§ **Directions**
Copy out exactly the lines from the one containing "Ch0p’s Recruitment Center" to the last line of the records below, both included, and leave out any pictures.

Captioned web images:
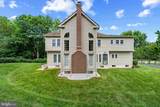 15622 Blackberry Drive - Photo 55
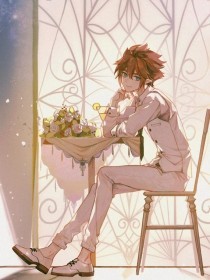 yase2021最新中文门户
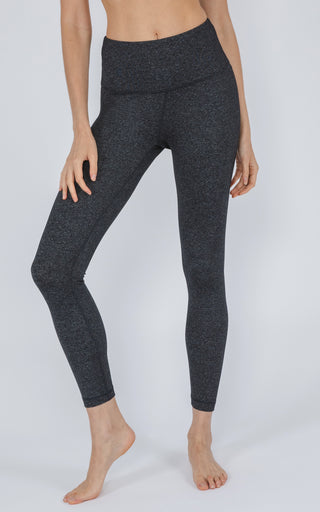 Power Flex 7/8 Ankle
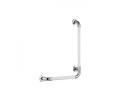 Hand Rail - DGD03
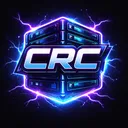 Ch0p’s Recruitment Center
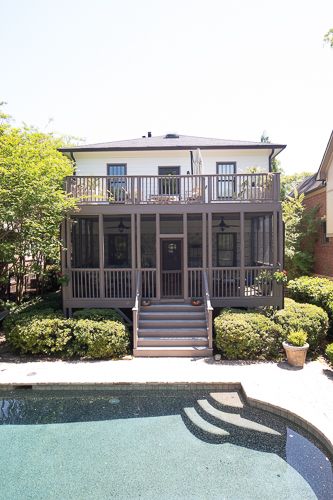 marketing-341-Web Res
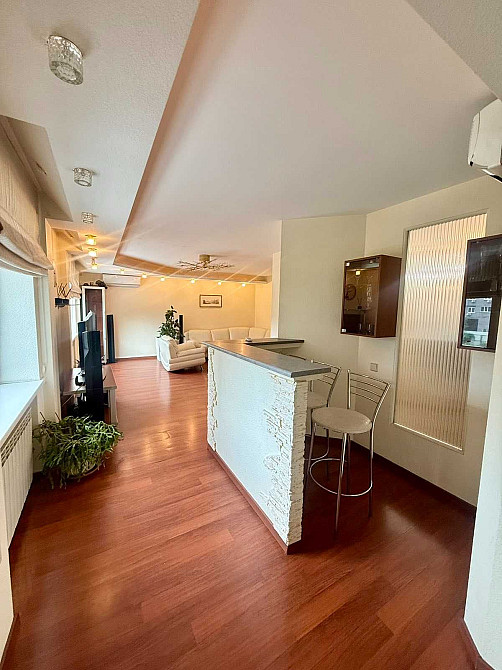 Продам 3к квартиру Казимира Малевича,53/30 (Боженка) Київ - зображення 6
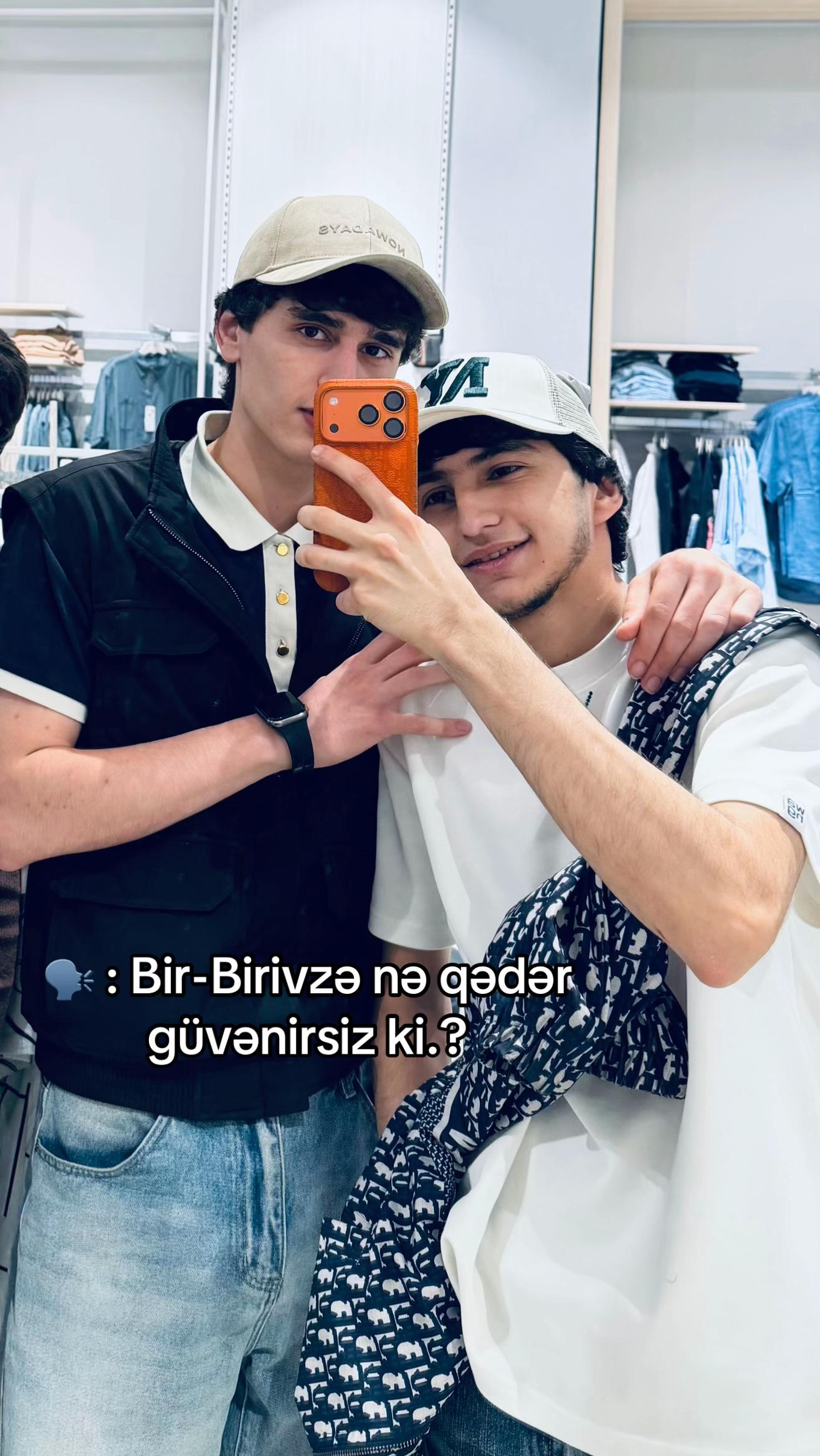 @İsmaylov Aydin🇦🇿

§ **Written response**
 Ch0p’s Recruitment Center
 marketing-341-Web Res
 Продам 3к квартиру Казимира Малевича,53/30 (Боженка) Київ - зображення 6
 @İsmaylov Aydin🇦🇿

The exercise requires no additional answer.